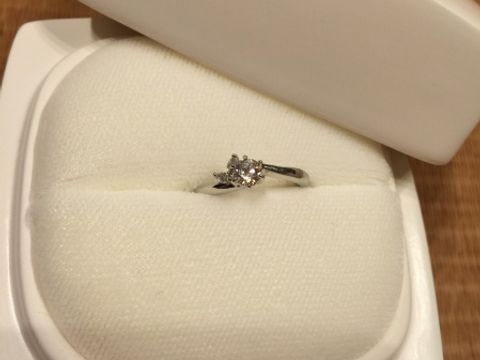 【俄(にわか)の口コミ】 婚約指輪を決める際は雑誌を見たり、指輪のカタログを見比べたりしてイメ…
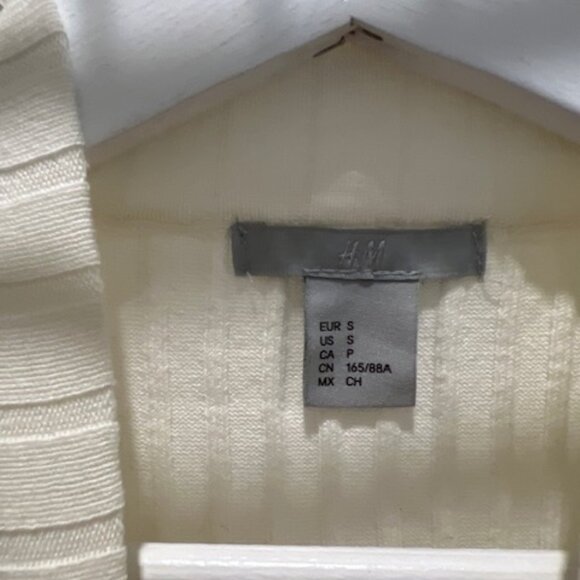 H&M Woman’s Cream Sweater Size: S, worn once - Picture 5 of 5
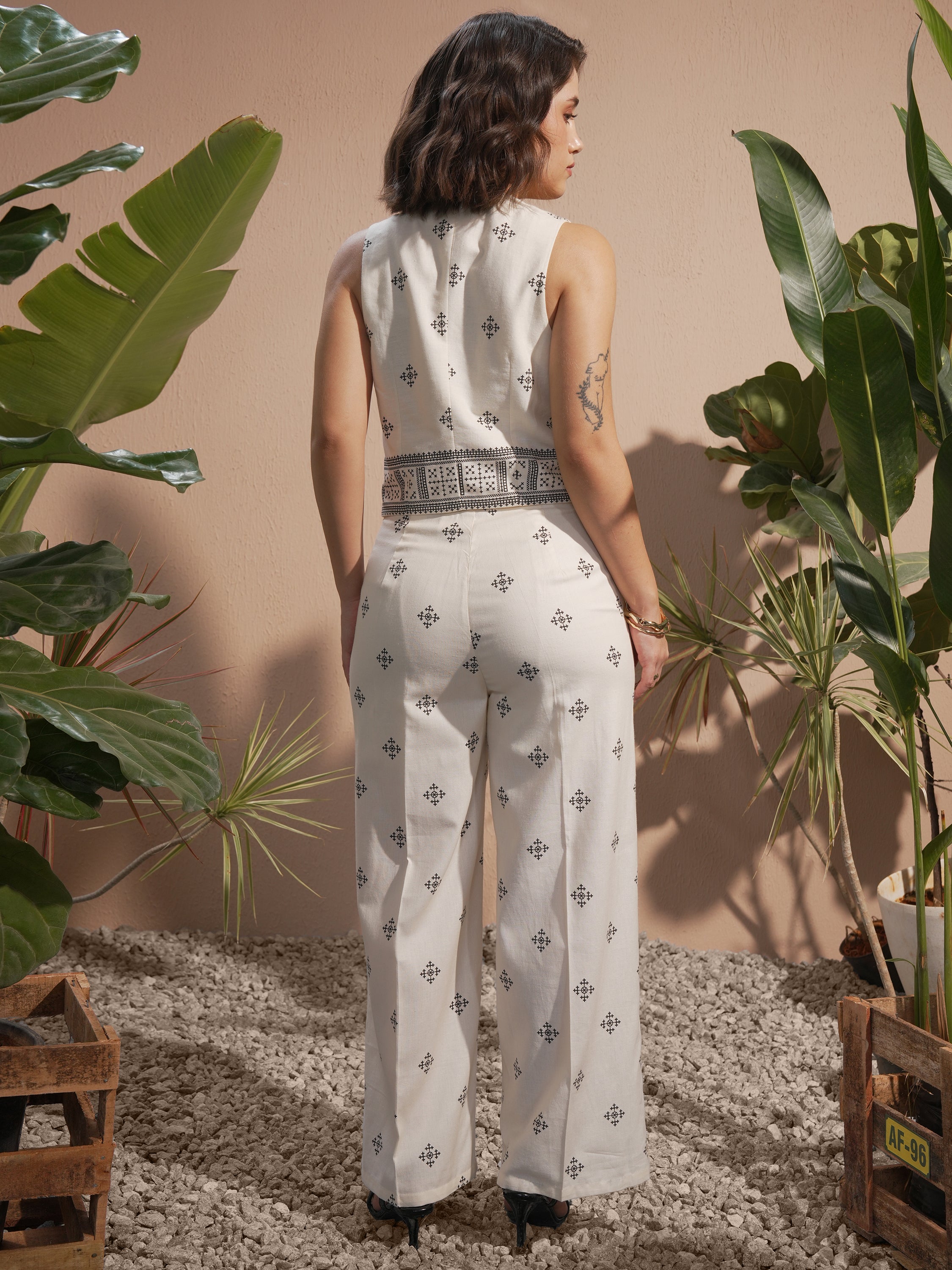 Vara By Vishudh Women Off White Blazer With Palazzos - Off White - Image 3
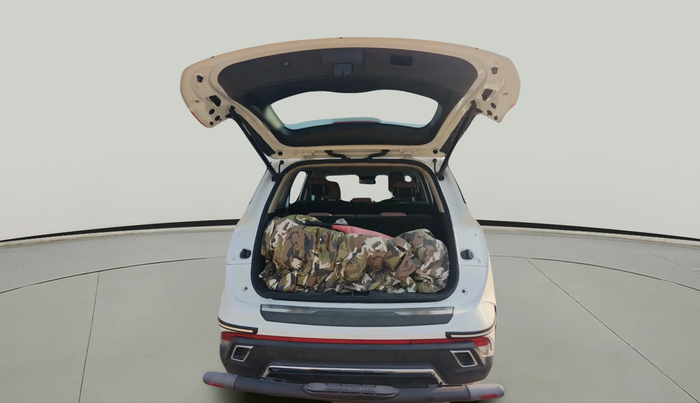 2023 MG HECTOR PLUS SAVVY PRO 1.5 TURBO CVT 7 STR, Petrol, Automatic, 11,841 km, exterior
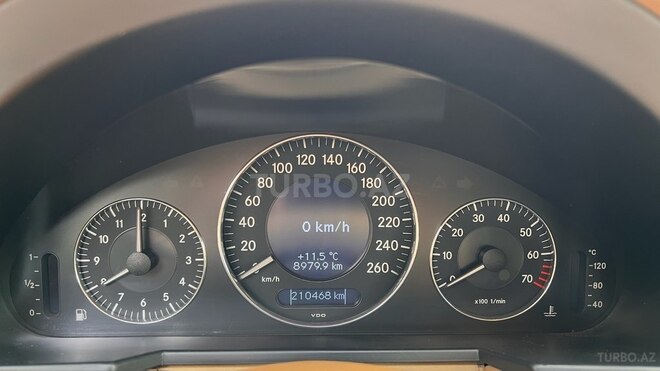Mercedes E 350 2006, 211,000 km - 3.5 l - Bakı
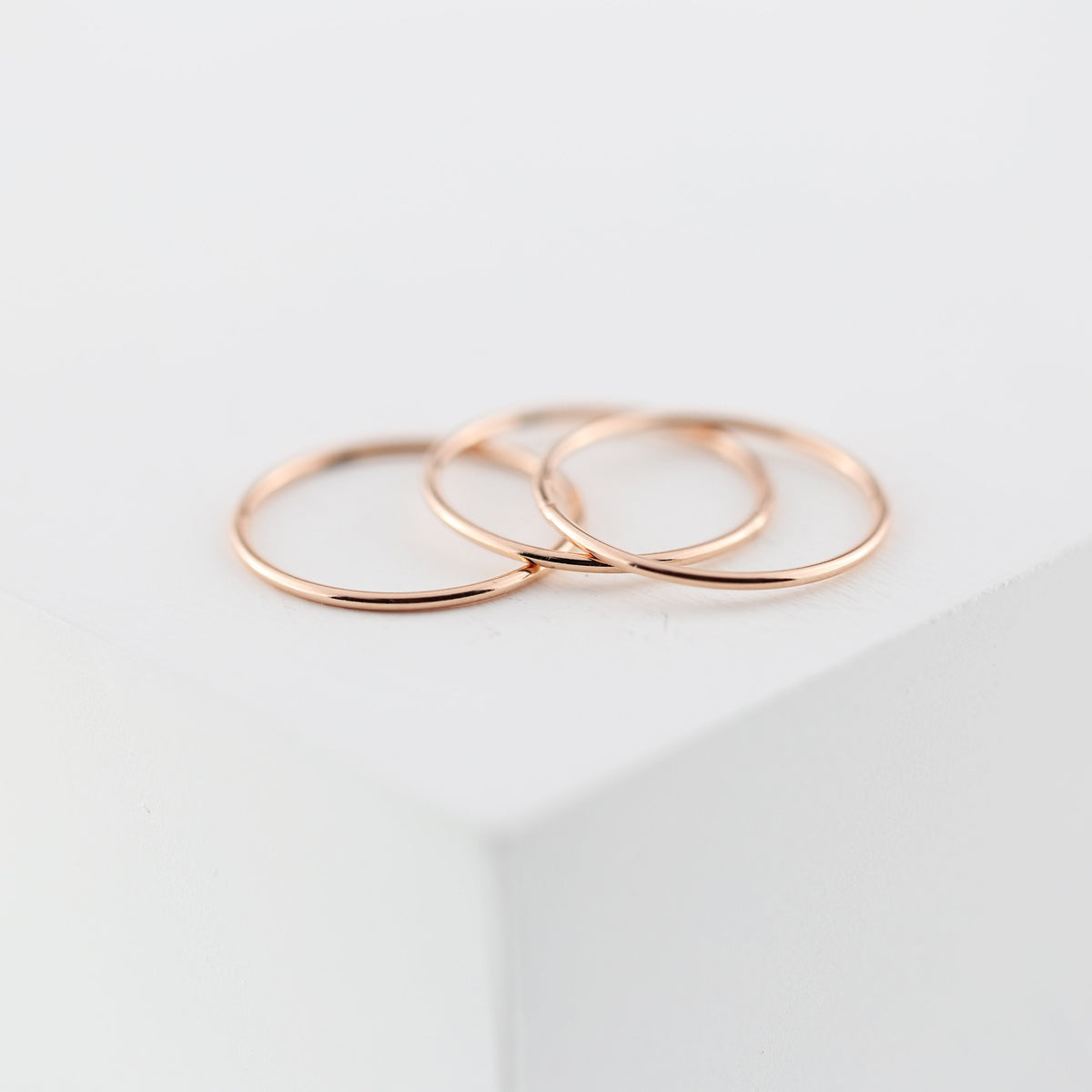 THIN SMOOTH BAND SET OF 3 - Trove & Co.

+ + +

Task to carry out |
The required output is the span of lines from the line with "Mercedes E 350" through the final line of the listing above, reproduced exactly, minus the pictures.

Task answer |
Mercedes E 350 2006, 211,000 km - 3.5 l - Bakı
 THIN SMOOTH BAND SET OF 3 - Trove & Co.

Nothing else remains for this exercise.